- _INFORMATION SUPPLIED_
______________________________
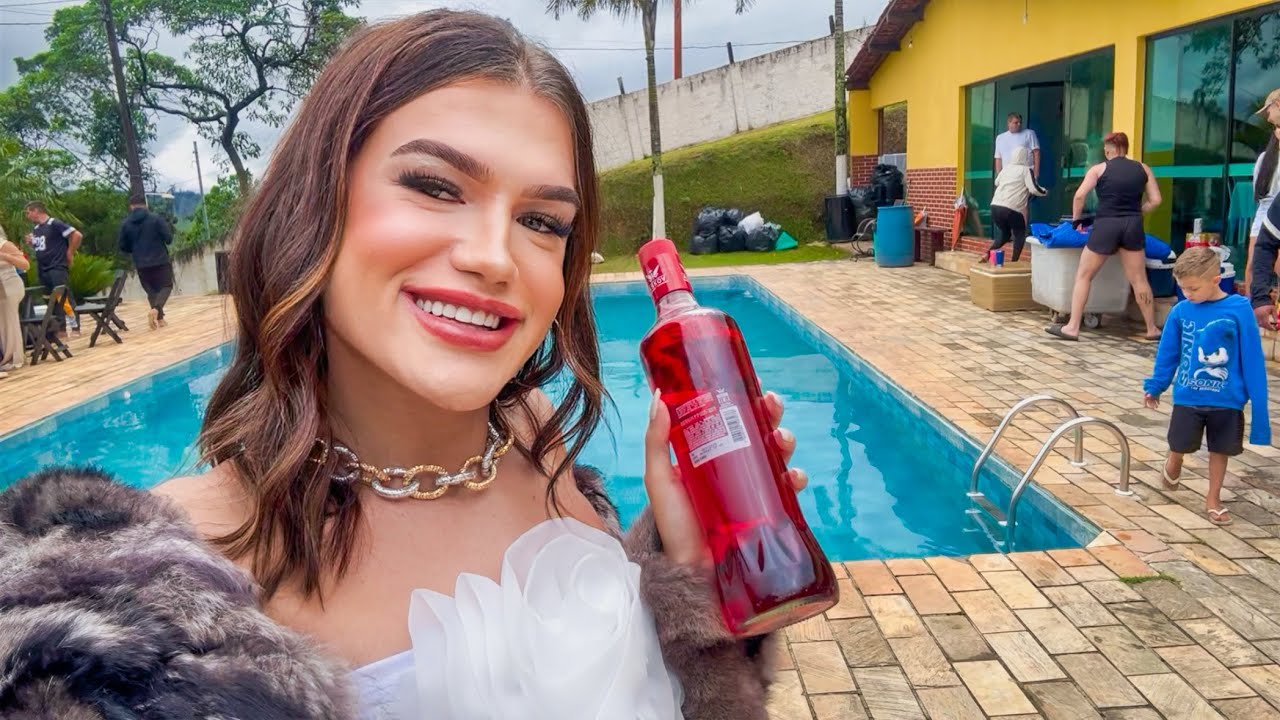 VLOG: CASAMENTO NO S&Iacute;TIO COM CHUVA 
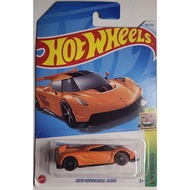 Hotwheels 2020 Koenigsegg Jesko Orange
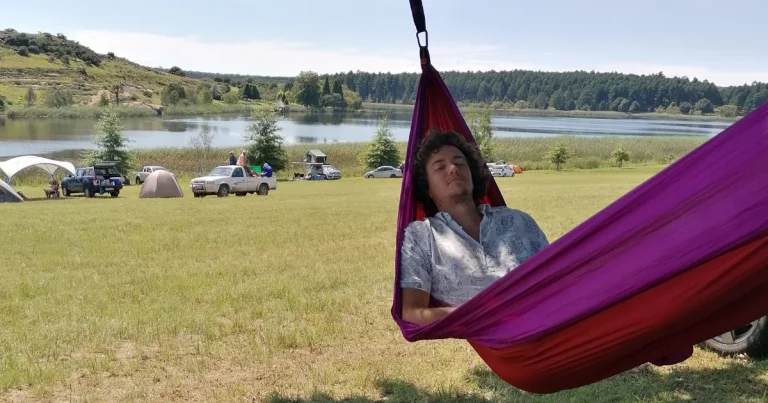 Pink Hammock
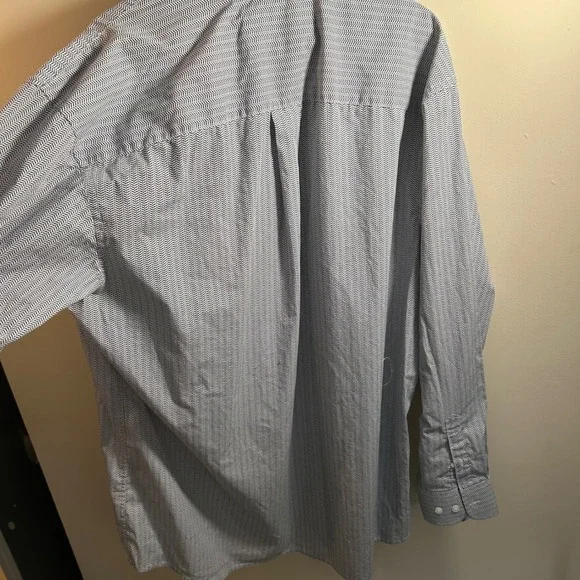 Wrangler‎ George Strait Collection Print Shirt XL Tall Western Cowboy - Picture 6 of 6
______________________________
- _THE TASK_
Restate exactly, and only, the lines from the one that holds "Hotwheels 2020 Koenigsegg Jesko Orange" down to the last line of the material above. Omit the pictures.

- _WRITTEN SOLUTION_
 Hotwheels 2020 Koenigsegg Jesko Orange
 Pink Hammock
 Wrangler‎ George Strait Collection Print Shirt XL Tall Western Cowboy - Picture 6 of 6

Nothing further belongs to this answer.